Rough old Cardoness had a warm place in his heart for Samuel Rutherford. The tough old pagan did not know how much he loved the little fair man with the high-set voice and the unearthly smile till he had lost him; and if force of arms could have kept Rutherford in Anwoth, Cardoness would soon have buckled on his sword. He was ashamed to be seen reading the letters that came to the Castle from Aberdeen; he denied having read them even after he had them all by heart.
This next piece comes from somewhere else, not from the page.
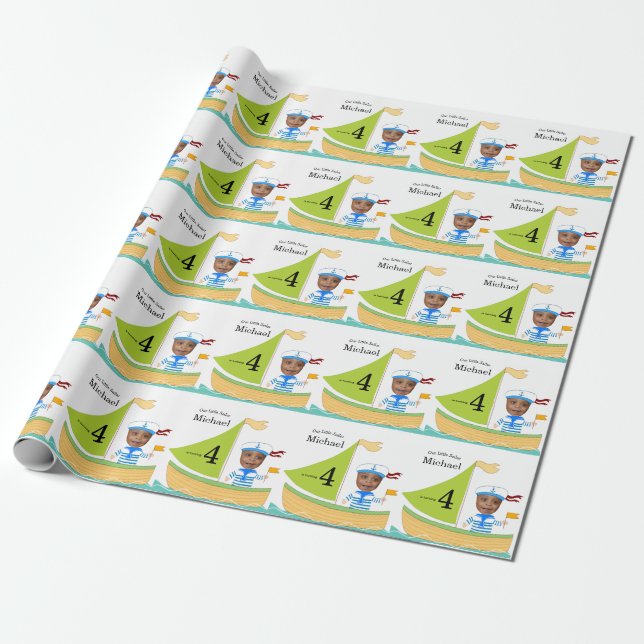 Cute Little Sailor Nautical Boys Roligt Fab Birthd Presentpapper (Utrullad)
The wild old laird was nearer the Kingdom of Heaven than any one knew; even his Christian lady did not know all that Rutherford knew, and it was a frank sentence of Rutherford’s in an Aberdeen letter that took lifelong hold of the old laird, and did more for his conversion and all that followed it than all Rutherford’s sermons and all his other letters. ‘I find true religion to be a hard task; I find heaven hard to be won,’ wrote Rutherford to the old man; and that did more for his hard and late salvation than all the sermons he had ever heard. ‘A hard task, a hard task!’ the serving-men and the serving-women often overheard their old master muttering, as he alighted from the hunt and as he came home from his monthly visit to Edinburgh. ‘A hard task!’ he was often heard muttering, but no one to the day of his death ever knew all that his muttering meant.